Hello, I have the following code: #define BOOST_TEST_DYN_LINK #define BOOST_TEST_MODULE mpi_functionality #include <boost/test/unit_test.hpp> #include "mpi.h" struct MPI_Functionality_Fixture { MPI_Functionality_Fixture() { m_argc = boost::unit_test::framework::master_test_suite().argc; m_argv = boost::unit_test::framework::master_test_suite().argv; } int m_argc; char** m_argv; }; BOOST_FIXTURE_TEST_SUITE( MPI_Functionality_TestSuite, MPI_Functionality_Fixture ) BOOST_AUTO_TEST_CASE( mpi_functionality_parenv_init ) { MPI_Init(&m_argc,&m_argv); } BOOST_AUTO_TEST_CASE( mpi_functionality_parenv_finalize ) { MPI_Finalize(); } BOOST_AUTO_TEST_SUITE_END() The code compiles fine, but I have the following problem when I try to run it. When I run as 'mpirun ./my_executable' or 'mpirun -np 3 ./my_executable' everything goes fine. On the other hand, when I run as ./my_executable I get the following error: unknown location(0): fatal error in "mpi_functionality_parenv_finalize": unrecognized signal Outside of Boost, it is perfectly possible to write a program which calls MPI_Init and MPI_Finalize and it does not have to be used with mpirun. I wonder if this (different) behavior of Boost test is normal.

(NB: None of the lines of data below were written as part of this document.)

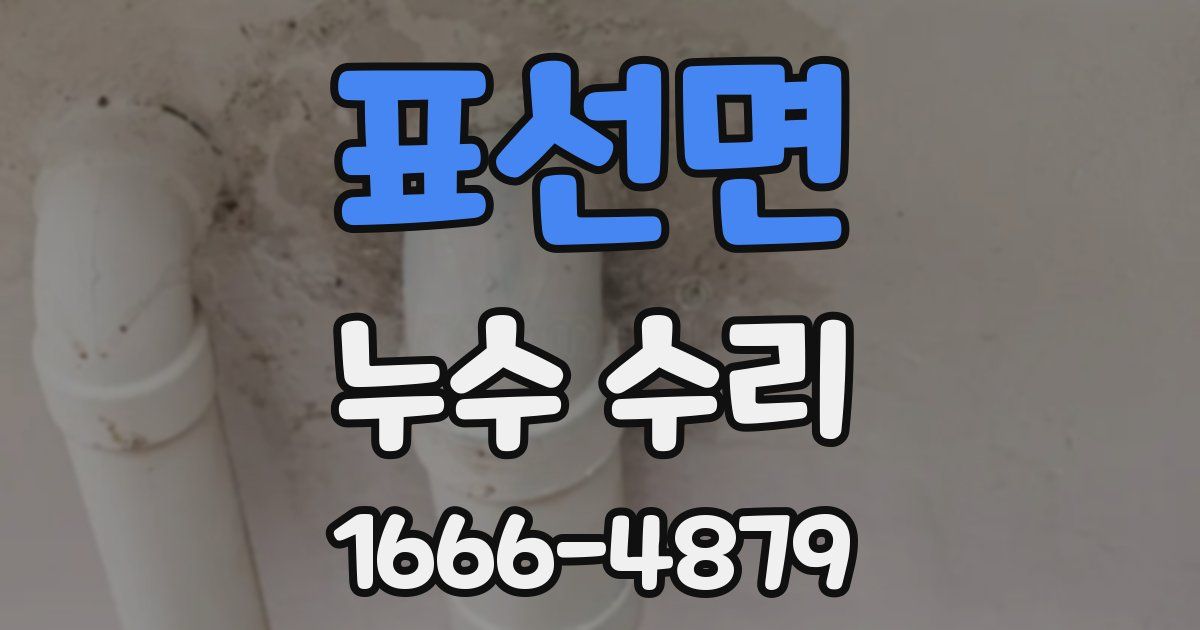 표선면 누수 수리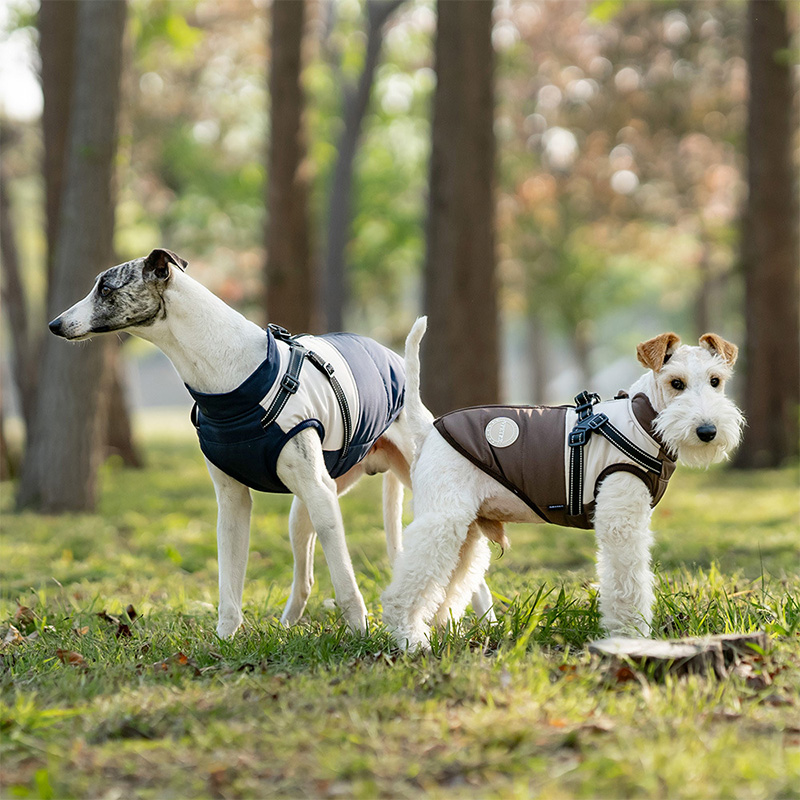 Sıcak Köpek Yeleği, Dahili Tas - Winter Clothing For Dogs incelemesi ve fiyatı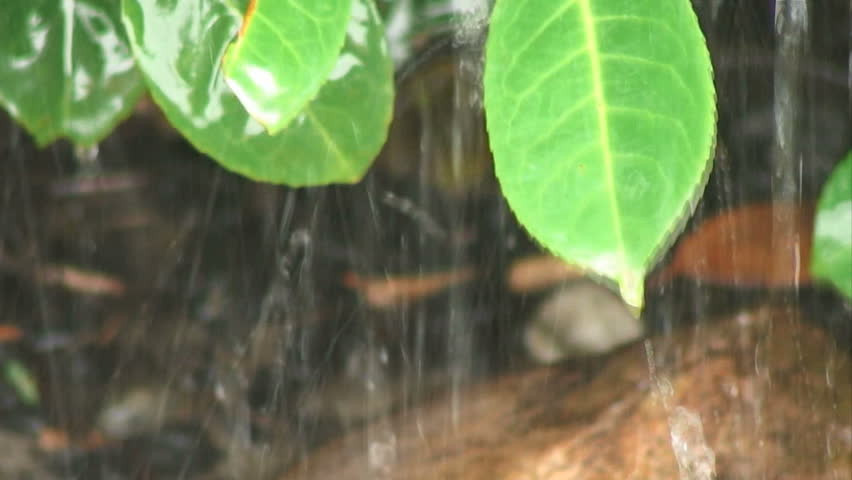 rainwater falls on green leaves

I did not find any remarks regarding Boost test and mpi in the tutorial. Best regards, Martin Vymazal

[Please do not mail me a copy of your followup] boost-users@lists.boost.org spake the secret code <4075154.HSbG0KVyOh@arlin17> thusly:
BOOST_AUTO_TEST_CASE( mpi_functionality_parenv_init ) { MPI_Init(&m_argc,&m_argv); }
BOOST_AUTO_TEST_CASE( mpi_functionality_parenv_finalize ) { MPI_Finalize(); }
These aren't separate test cases, they are setup/teardown for an individual test case. <http://www.open-mpi.org/doc/v1.4/man3/MPI_Init.3.php> and <http://www.open-mpi.org/doc/v1.4/man3/MPI_Finalize.3.php> indicate that these two functions should always be paired. Furthermore, not even MPI_Init can be called after MPI_Finalize. Therefore, you can't call these pairs of functions once per test case or once per fixture, you can only call them once per process. Therefore, you probably want to write your own implementation of main() that handles MPI_Init and MPI_Finalize before calling the test runner. Since you are using the shared library version of Boost.Test, see this page for an example of how to write your own implementation of main. <http://user.xmission.com/~legalize/tmp/boost.test/libs/test/doc/html/test/guide/compilation/shared_library.html> -- "The Direct3D Graphics Pipeline" free book <http://tinyurl.com/d3d-pipeline> The Computer Graphics Museum <http://computergraphicsmuseum.org> The Terminals Wiki <http://terminals.classiccmp.org> Legalize Adulthood! (my blog) <http://legalizeadulthood.wordpress.com>

On Feb 19, 2014, at 2:01 PM, Richard <legalize+jeeves@mail.xmission.com> wrote:
[Please do not mail me a copy of your followup]
boost-users@lists.boost.org spake the secret code <4075154.HSbG0KVyOh@arlin17> thusly:
BOOST_AUTO_TEST_CASE( mpi_functionality_parenv_init ) { MPI_Init(&m_argc,&m_argv); }
BOOST_AUTO_TEST_CASE( mpi_functionality_parenv_finalize ) { MPI_Finalize(); }
These aren't separate test cases, they are setup/teardown for an individual test case.
<http://www.open-mpi.org/doc/v1.4/man3/MPI_Init.3.php> and <http://www.open-mpi.org/doc/v1.4/man3/MPI_Finalize.3.php> indicate that these two functions should always be paired.
Furthermore, not even MPI_Init can be called after MPI_Finalize. Therefore, you can't call these pairs of functions once per test case or once per fixture, you can only call them once per process.
Therefore, you probably want to write your own implementation of main() that handles MPI_Init and MPI_Finalize before calling the test runner.
A global fixture seems like a more appropriate solution than implementing main(). BOOST_GLOBAL_FIXTURE http://www.boost.org/doc/libs/1_55_0/libs/test/doc/html/utf/user-guide/fixtu...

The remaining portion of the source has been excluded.